* Task to carry out *
The answer is to be an exact copy of the lines below running from the line with "Leopard Walking Through" down to the line with "Lot Of 3 Gold", both ends included, and nothing more.

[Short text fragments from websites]
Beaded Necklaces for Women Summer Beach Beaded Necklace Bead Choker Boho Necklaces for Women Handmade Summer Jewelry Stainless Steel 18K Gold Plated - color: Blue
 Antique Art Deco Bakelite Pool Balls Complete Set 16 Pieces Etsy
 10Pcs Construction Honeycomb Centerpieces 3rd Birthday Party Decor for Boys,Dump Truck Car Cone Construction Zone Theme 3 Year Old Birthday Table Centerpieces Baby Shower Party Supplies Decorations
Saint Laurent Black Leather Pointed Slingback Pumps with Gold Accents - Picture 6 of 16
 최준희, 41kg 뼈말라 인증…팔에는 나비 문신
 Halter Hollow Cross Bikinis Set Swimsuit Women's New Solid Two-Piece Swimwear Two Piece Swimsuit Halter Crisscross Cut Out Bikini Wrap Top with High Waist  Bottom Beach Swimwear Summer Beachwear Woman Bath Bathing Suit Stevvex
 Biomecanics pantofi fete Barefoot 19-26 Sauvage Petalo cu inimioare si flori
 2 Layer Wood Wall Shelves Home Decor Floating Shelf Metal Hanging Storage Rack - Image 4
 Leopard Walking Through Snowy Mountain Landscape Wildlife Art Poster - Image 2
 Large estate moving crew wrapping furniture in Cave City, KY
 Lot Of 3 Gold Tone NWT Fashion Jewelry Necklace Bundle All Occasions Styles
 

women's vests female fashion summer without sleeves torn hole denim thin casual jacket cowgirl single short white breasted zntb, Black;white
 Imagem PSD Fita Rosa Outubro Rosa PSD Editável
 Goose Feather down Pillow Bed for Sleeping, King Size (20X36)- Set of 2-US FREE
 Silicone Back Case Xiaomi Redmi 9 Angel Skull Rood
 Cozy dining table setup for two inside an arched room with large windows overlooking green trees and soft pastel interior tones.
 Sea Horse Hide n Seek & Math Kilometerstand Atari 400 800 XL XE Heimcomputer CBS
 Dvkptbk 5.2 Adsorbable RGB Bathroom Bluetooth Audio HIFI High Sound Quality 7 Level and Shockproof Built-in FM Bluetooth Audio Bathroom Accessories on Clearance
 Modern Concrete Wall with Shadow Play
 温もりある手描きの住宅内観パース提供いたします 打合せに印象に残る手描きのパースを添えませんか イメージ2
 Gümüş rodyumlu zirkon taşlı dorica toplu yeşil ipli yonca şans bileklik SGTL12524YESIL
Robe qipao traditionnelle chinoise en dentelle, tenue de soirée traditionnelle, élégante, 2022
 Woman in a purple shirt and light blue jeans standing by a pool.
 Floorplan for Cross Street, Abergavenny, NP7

* Solution *
 Leopard Walking Through Snowy Mountain Landscape Wildlife Art Poster - Image 2
 Large estate moving crew wrapping furniture in Cave City, KY
 Lot Of 3 Gold Tone NWT Fashion Jewelry Necklace Bundle All Occasions Styles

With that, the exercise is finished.